Dalits, in spite of being internally heterogeneous and divided into sub-castes, emerged as a unified block in terms of oppositional mobilisation and voting patterns during elections, rallying around the philosophy and praxis of Dr. Bhimrao Ambedkar as a consolidating figure. While Dalits were divided socially as sub-castes they belonged to same class and all of the sub-castes were marked by the practice of untouchability. As against the stigma of untouchability, “backwardness” remains relatively vague. It is not clear if backwardness translates into social stigma, even if it is clear that it leads to exclusion and discrimination on many fronts. The fungibility of the category of backwardness got exacerbated with many dominant castes such as the Jats, the Patidars and others claiming the status of being backward, especially in relation to access to education and jobs in the formal economy.

Many of the intermediary castes in the Varna system belong to the same category, of being marked as Shudras, but politically and economically many of these castes are dominant. The OBC movement has remained unable to claim a distinct social position based on their status in the Varna hierarchy. Further, unlike the Dalits, thanks to Ambedkar who held Hinduism as squarely responsible for the plight of the Dalits, OBC leaders never offered any such direct opposition to accepting a Hindu identity for themselves. The OBC leaders worked within the fold of Hinduism, following the logic of Sanskritisation, with many castes otherwise categorised as backward claiming to belong to the Kshastriya or, more recently, Vaishya categories.
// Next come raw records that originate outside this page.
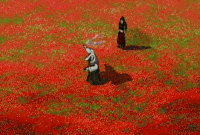 Water Magic - Collect.gif
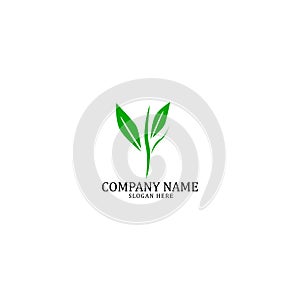 Nauture logo design template.tree logo template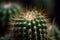 Prickly Beauty: Closeup of Cactus Spines on a Background. Perfect for Posters and Web.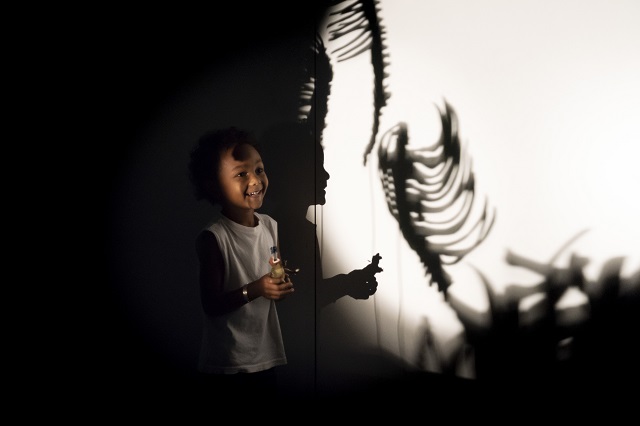 Shadow of Great Beasts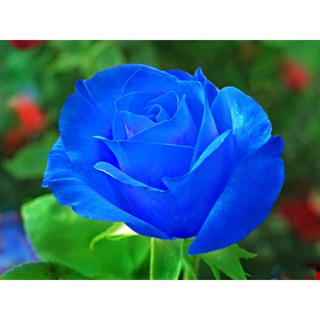 20 Hạt giống hoa Hồng xanh dương tặng kích mầm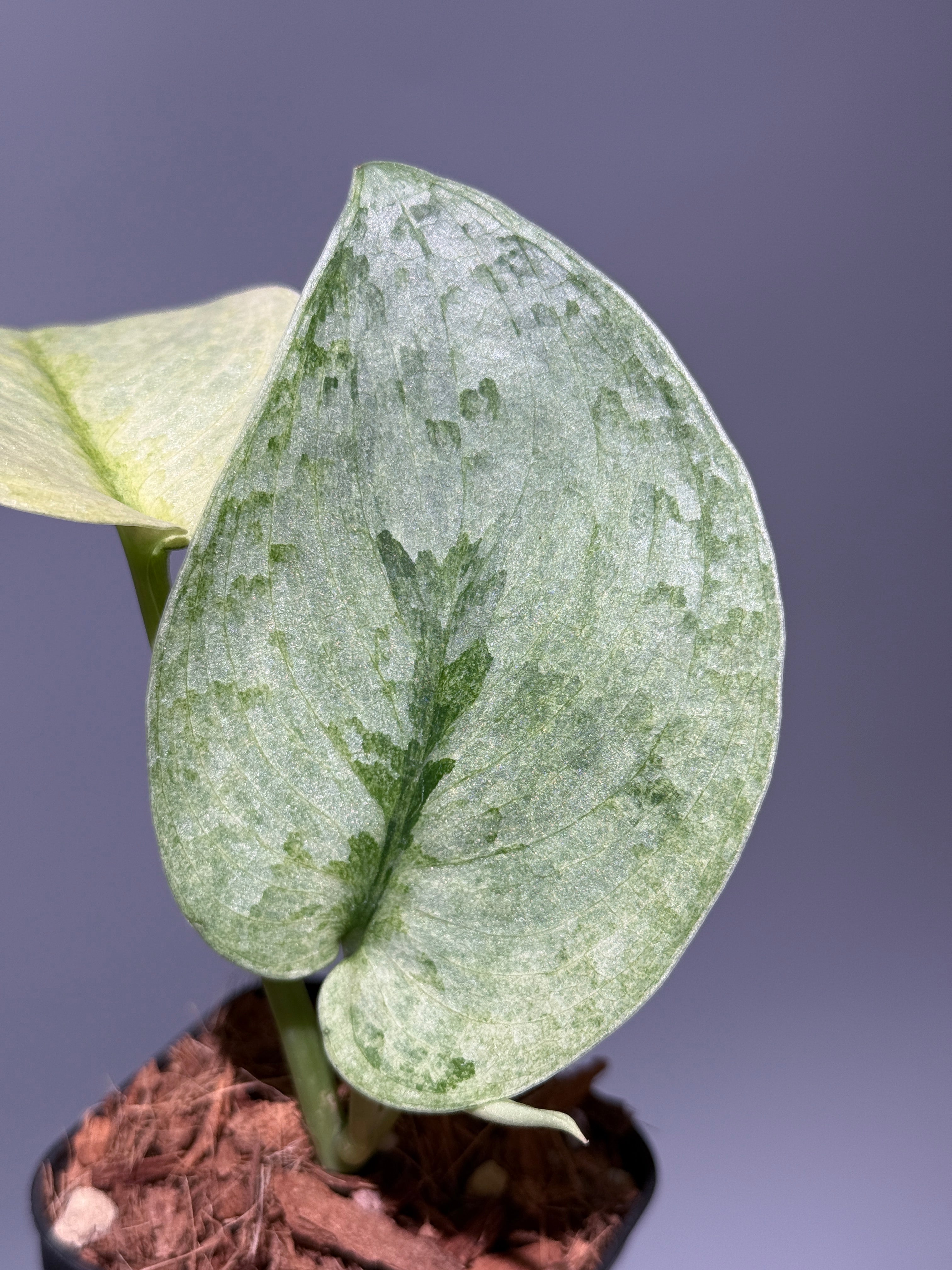 スキンダプサス ニルマラ / Scindapsus nirmala (2) – Nakayama-Plants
Most of the caste groups categorised as OBCs are agrarian in terms of occupation. They are essentially involved in caste-based occupations and mostly inhabit rural hinterlands. However, though there has been a sustained agrarian crisis, this was not projected as something that has led primarily to the suffering of the lower-end OBCs. Instead, the former farmer’s movement got converted into “OBC politics”, which demanded mobility into peri-urban and urban areas.

Much of the earlier framing of the OBC issue by thinkers such as Jyothiba Phule was around the axis of mental-manual divide. The critique against Brahmanism was that it was exploitative in that they prioritises exclusively mental-priestly functions that were unproductive, while the OBCs represented productive labour. Today, OBC politics cannot claim its agrarian location, nor eulogise its productive labour as it rightly does not want to be restricted to caste-based occupations. It therefore lacks a social or cultural narrative. Had OBC politics been linked to the agrarian crisis or the ongoing migrant crisis it could have gained new momentum. But it remains distanced from such issues as they do not reflect the aspirational content of dominant OBC groups.
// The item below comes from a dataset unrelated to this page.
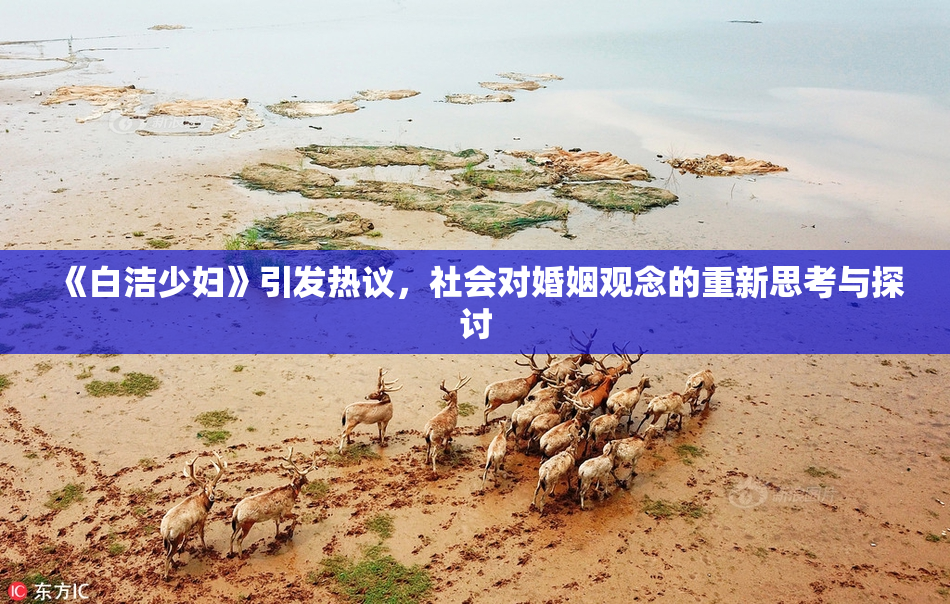 《白洁少妇》引发热议，社会对婚姻观念的重新思考与探讨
Today more than before there is a need for the OBCs to consolidate into a new historical block to highlight the adverse impact of neo-liberal reforms that are evident in the sustained agrarian crisis and in the ongoing migrant crisis. This cannot happen purely through a cultural-identitarian frame, even though that remains important to highlight how caste-based discrimination operates. There is a need for a new legitimising discourse for OBCs to re-emerge from the historical cracks they seem to have fallen through. This discourse also, in today’s context, cannot be limited to exclusive caste groups.

The caste groups that have been clubbed together under the Other Backward Classes category can gain new leadership when they begin to articulate concerns regarding the current model of development and growth, even as they highlight the severity of its impact on the lower end of the OBCs.

In such a combination of class and caste the OBCs can emerge as new leaders, even with a possibility of an exclusive political party, if they take the initiative to raise issues of free education for all, free medical and health facilities for all and basic income schemes to arrest rural distress. Emphasising these issues cannot be seen as watering down the caste content but the challenge is to mobilise the OBCs as owning those issues that concern them the most.

The author is associate professor, Centre for Political Studies, Jawaharlal Nehru University. The views are personal.